Теперь, когда почтенному писателю уже за девяносто, часть этих обязанностей он передал своим ученикам.
Почти пятьдесят лет назад, в трудном 1923 году, Андрей Упит в своих автобиографических заметках не без иронии заметил: «Где и в каких условиях мне лучше всего работать? Что на это скажешь? Некоторые восторженные стихотворения я сочинял, замерзая и голодая, иную ценную страницу написал на трясущейся, прыгающей полке товарного вагона или сидя возле круглого иллюминатора пароходной каюты. А иная неудачная работа появилась в теплой комнате за удобным письменным столом. Я не знаю, влияют ли времена года и тому подобные условия на интенсивность литературной работы. Мне на своем веку так редко удавалось выбирать место, время, обстановку и тому подобные удобства. Что все это имеет значение – в этом не сомневаюсь. Но знаю одно: писатель есть писатель всегда и везде, или он не писатель». [4]4
А. Упит, Собр. соч. в 12-ти томах, т. 1. Гослитиздат, М. 1956, стр. 126–127.
[Закрыть]
Таким писателем в самом высоком смысле этого слова был и остается Андрей Упит. Написано им необычайно много. По сути дела целая библиотека. Путь от скриверского пастуха до народного писателя и академика, Героя Социалистического Труда прошел в неустанном труде на благо своего народа и человечества.
Арвид Григулис
НОВЕЛЛЫ
ОХОТА
Апарские господа еще спят.
Зимнее воскресное утро. Светает медленно, серые тени не сразу спадают и никнут за заснеженными деревьями парка.
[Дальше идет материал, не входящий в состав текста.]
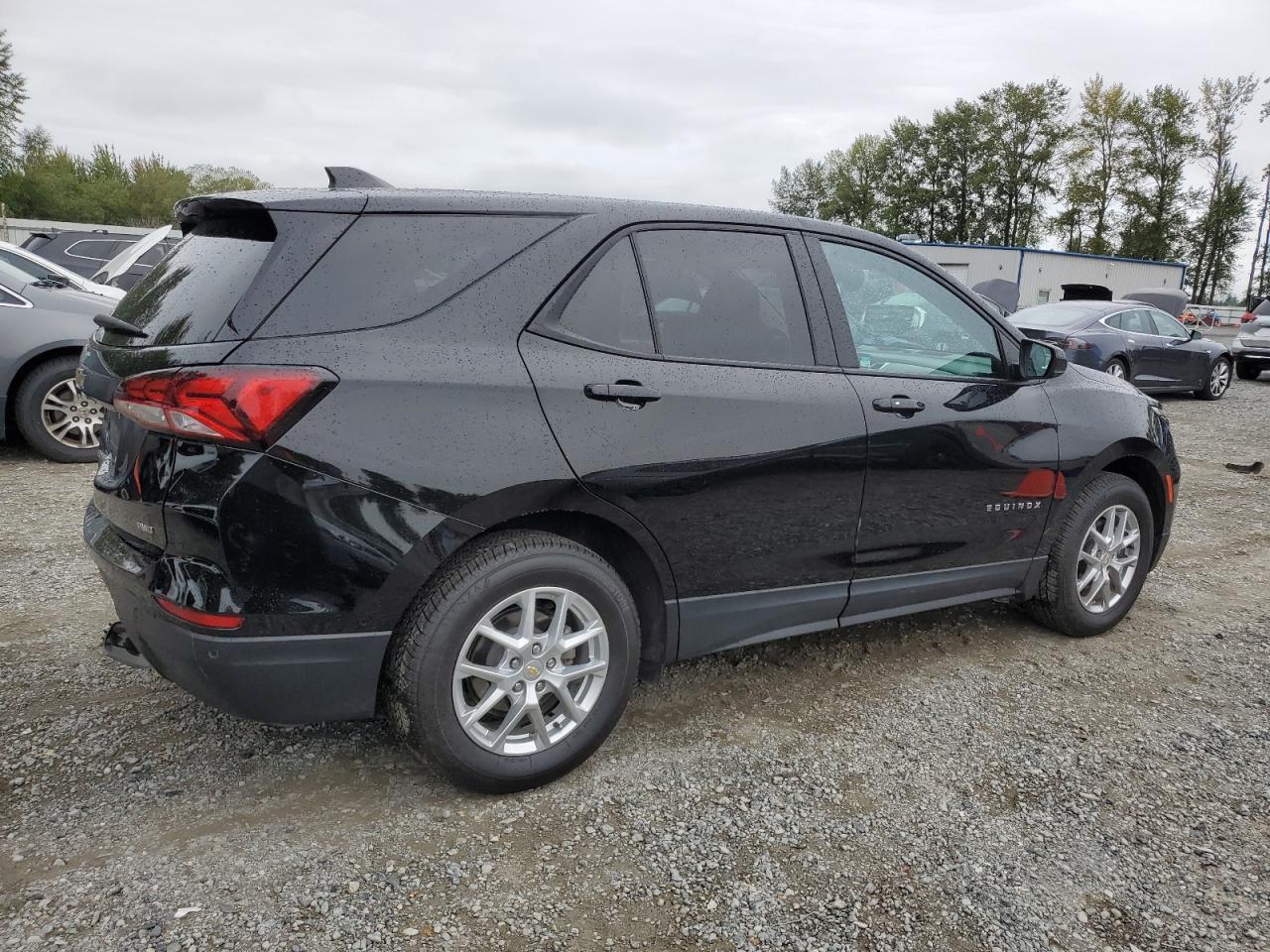 2022 Chevrolet Equinox Ls - Image 3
Снег шел почти всю ночь, и потому не только деревья в парке, но и крыши служб, двор, изгородь, бочка с замерзшей водой у колодца – все покрыто толстым слоем белого пушистого снега. Все предметы приняли непривычные очертания. Кажется, что крыша господского дома прогнулась под тяжестью, которую на нее навалили. Увитый плетями плюща балкон превратился в огромный сугроб. На колодезном журавле – белая шляпа с опущенными полями.
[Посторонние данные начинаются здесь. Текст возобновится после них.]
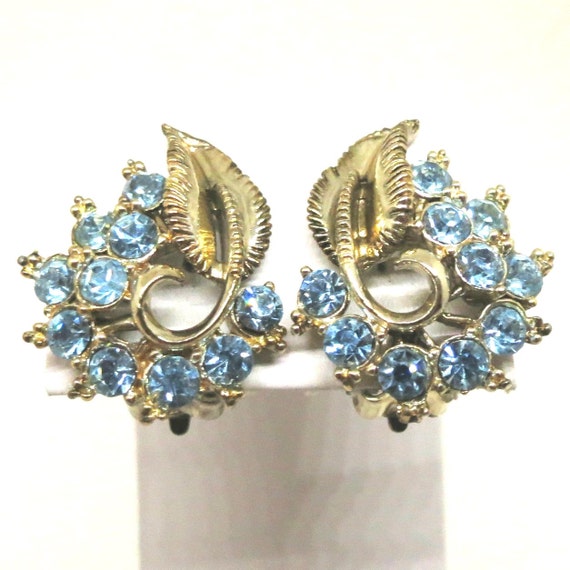 Blue Earrings Vintage Star Signed Gold Tone Blue by MyDellaWear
Где-то, кажется за парком, кто-то едет. Поскрипывает трущаяся об оглобли дуга, хрустит под полозьями рыхлый снег.
Каркая, взлетают над деревьями три вспугнутые вороны, и одна за другой тут же опускаются. Издалека слышно, как с сучьев тяжело обрушивается снег.
Небо заволокло тучами – вверху оно синевато-серого цвета, без единого светлого пятнышка. Только легкий, тонкий туман отделяется от туч и медленно покрывает заснеженную землю. Верхний слой снега постепенно сыреет и отваливается от предметов тяжелыми комьями. С крыш тихо падает капель.
Господа еще спят.
За хлевами и конюшнями в батрацкой просыпается жизнь. В длинной пристройке то кашлянет кто-нибудь, то зевнет, то высморкается. В маленьком тусклом оконце появляется слабый свет, слышны удары топора – это колют лучину и разводят огонь в печи. Из заснеженной трубы медленно поднимается белый дымок.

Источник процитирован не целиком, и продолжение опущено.